Once the plaintiff makes a prima facie showing, the burden shifts to the defendant to rebut plaintiff's showing with a legitimate and nondiscriminatory reason for the discharge [Stephenson, supra at 270; Ferrante, supra at 629]. Thereafter, plaintiff must show that the reason given by defendant was merely a pretext for discrimination [ Stephenson, supra at 271; Ferrante, supra at 630] . The issue in an action for age discrimination "is not whether the defendants acted with good cause, but whether their business decision would not have been made but for a discriminatory motive [ Stephenson v Hotel Employees and Restaurant Employees Union Local 100 of the AFL-CIO, 14 AD3d 325, 329 (1st Dept. 2005) affd 6 NY3d 265 (2006); Ioele v Alden Press, Inc., 145 AD2d 29, 35 (1st Dept. 1989)].

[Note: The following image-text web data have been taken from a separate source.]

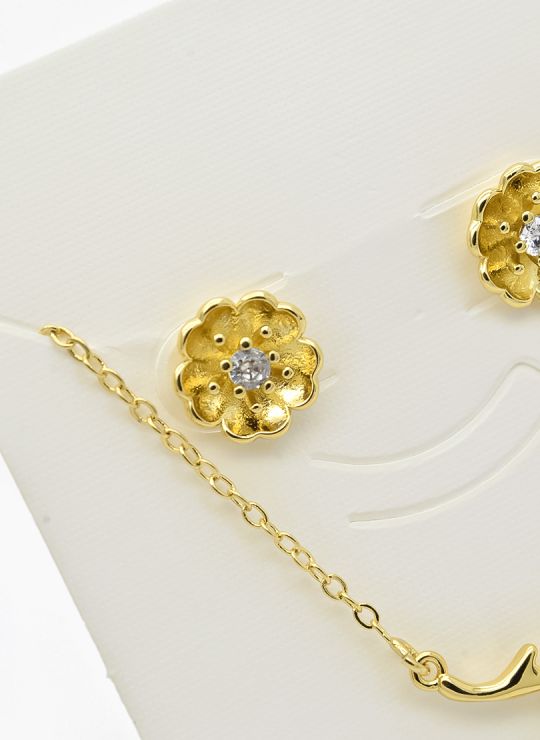 SET DE COLLAR Y DIJE EN RODIO CON MICROCIRCIONES/XUPING
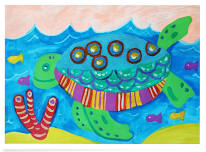 Create a Rainbow Sea Turtle Art Class K-2nd Grade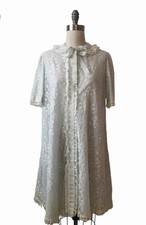 Vintage 1950  s Lace Peignoir Robe , Something Blue, Bows, Romantic, Boudoir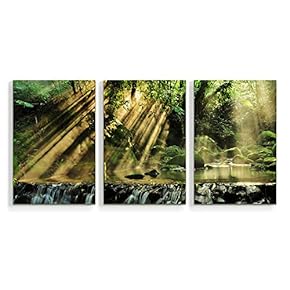 3 Piece Canvas Wall Art Waterfall in Deep Forest of Croatia Painting Artwork for Home Prints Frame - 16"x24" x 3 Panels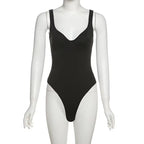SylCue Sexy Backless Bodysuit Women Low-Neck Off Shoulders Solid Skinny Shaped Waist Street Versatile Wild Style Classic Bodycon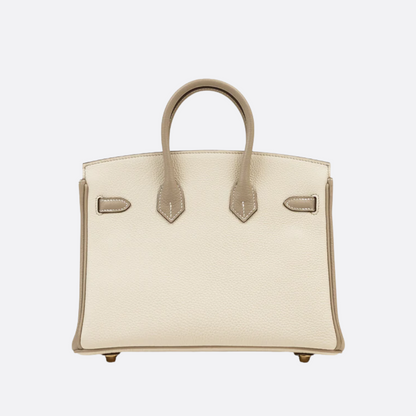 HERMÈS BIRKIN 25 HSS BAG IN CHALK / GRIS TOURTERELLE MADE OF TOGO LEATHER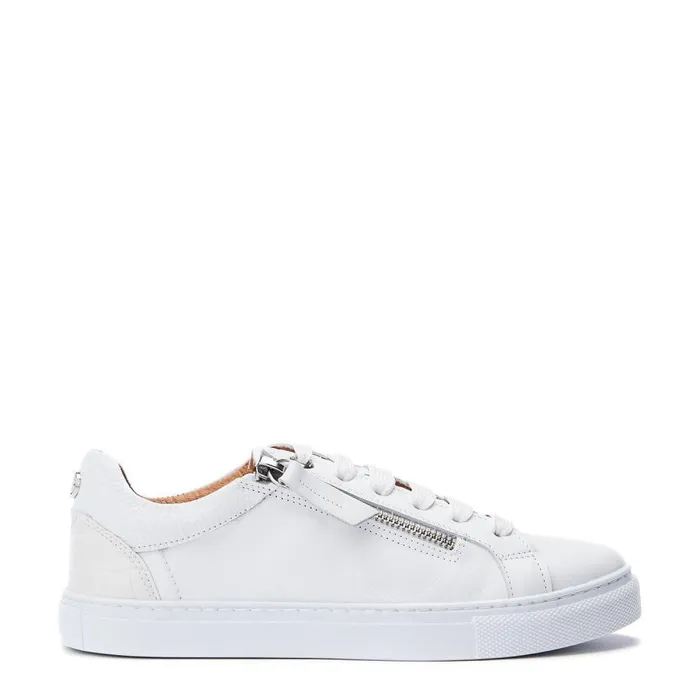 Women Moda In Pelle Casual Trainers Bailly White Leather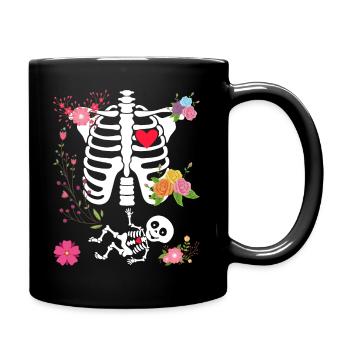 Halloween-T-Shirt Mutterschaft - Tasse einfarbig - Schwarz - Rechts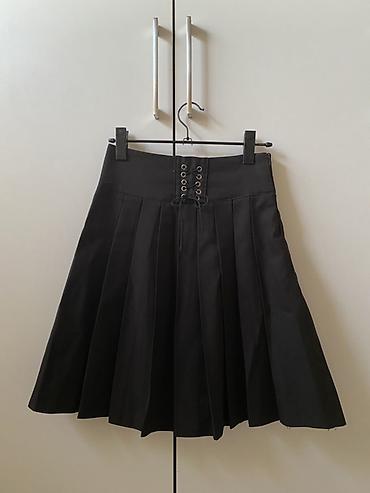 джинсы прямые: Костюм с юбкой, Модель юбки: Плиссе, Мини, Жилет, Made in KG, S — 3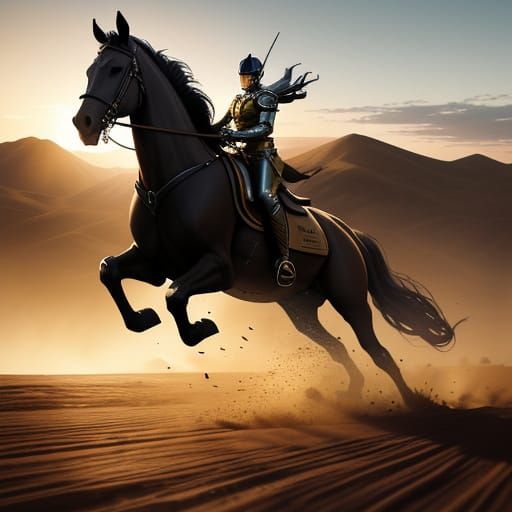 Epic Cavalry Charge in Golden Light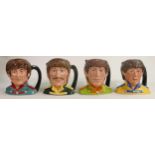 Royal Doulton set of mid size character Jugs The Beatles - comprising John Lennon D6725, Paul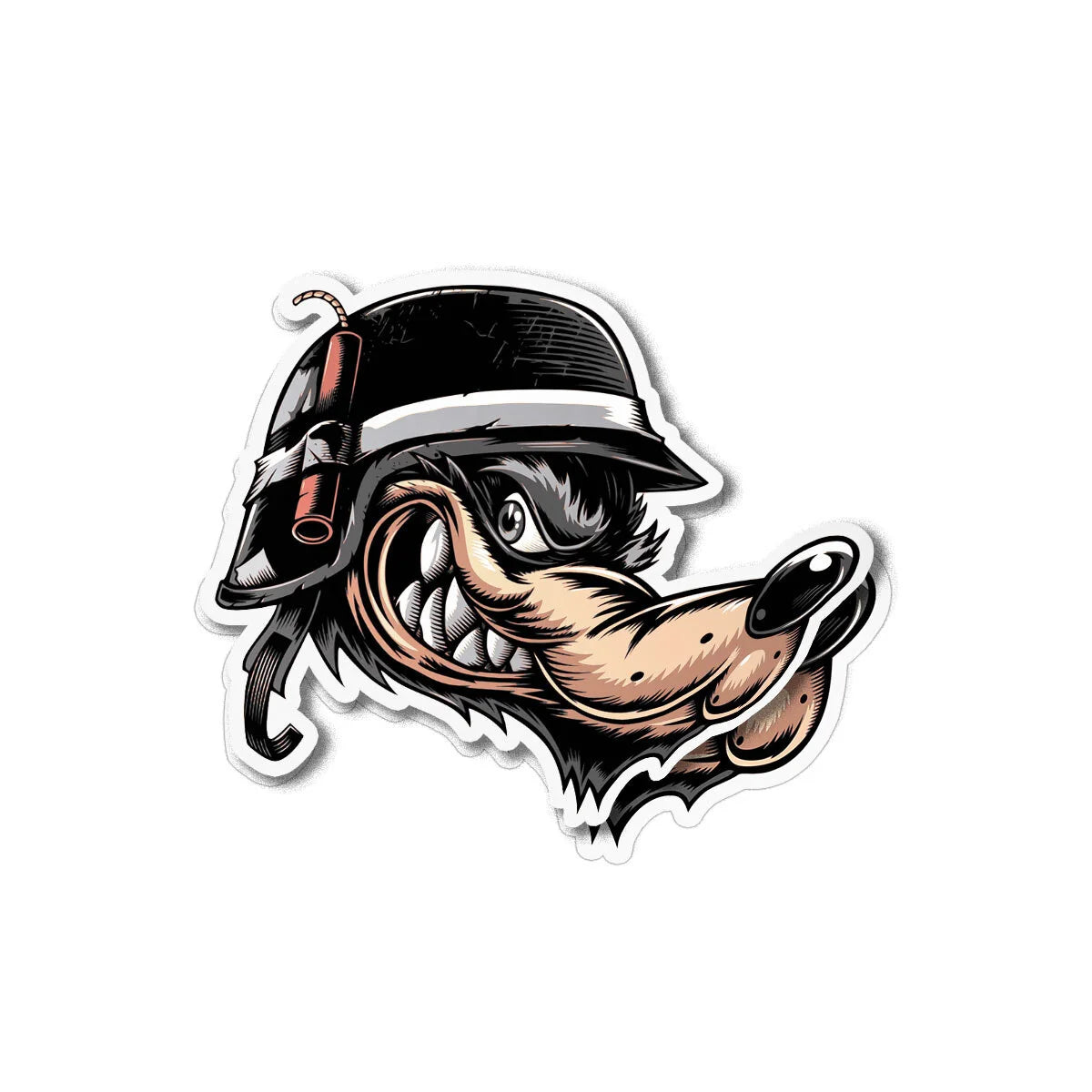 Loup Guerre avec Casque et Dynamite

Here Crescent argues that plaintiff does not have a cause of action for age discrimination because he cannot show the fourth element. Plaintiff was hired when he was 54 years old by an individual who was over the age of 40. Plaintiff admitted that nobody at work made age-related comments, and nobody made jokes or disparaging remarks about his age. He also admitted that he never saw any other employee being treated poorly because of age. Plaintiff's salary of $126,000 was higher than other employees in similar positions, and he was provided the same benefits as everybody else.

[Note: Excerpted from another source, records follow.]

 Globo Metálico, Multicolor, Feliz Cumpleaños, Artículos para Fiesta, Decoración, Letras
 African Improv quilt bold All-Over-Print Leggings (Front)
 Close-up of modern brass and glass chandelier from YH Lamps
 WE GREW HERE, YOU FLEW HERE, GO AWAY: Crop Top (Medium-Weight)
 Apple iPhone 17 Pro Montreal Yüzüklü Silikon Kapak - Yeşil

Crescent states, without rebuttal, that Phase I was scheduled as a three-year job, has lasted longer than eight years, and as of the time of defendant's deposition in April, 2009, was still being completed. According to Crescent, Phase II was scheduled as a three-year job, has lasted longer than 5 years, and was ongoing at the time of defendant's deposition.

Plaintiff had difficulties working with the foreman at Phase II, and the foreman ultimately left the project. Plaintiff admitted having arguments with Yonkers Contracting, the general contractor on Phase II. Plaintiff caused "disharmony" and "greater harm to the company." According to defendant, Yonkers Contracting refused to work with plaintiff, and plaintiff was removed from the project in order for Crescent to maintain its relationship with Yonkers Contracting. Once plaintiff was removed from Phase II, he did not willingly participate in Phase I. Defendant also alleges that plaintiff had incorrectly estimated costs for Phase I and failed to hire the requisite minority-owned electrical contractor, thereby resulting in a loss to Crescent of $2,000,000.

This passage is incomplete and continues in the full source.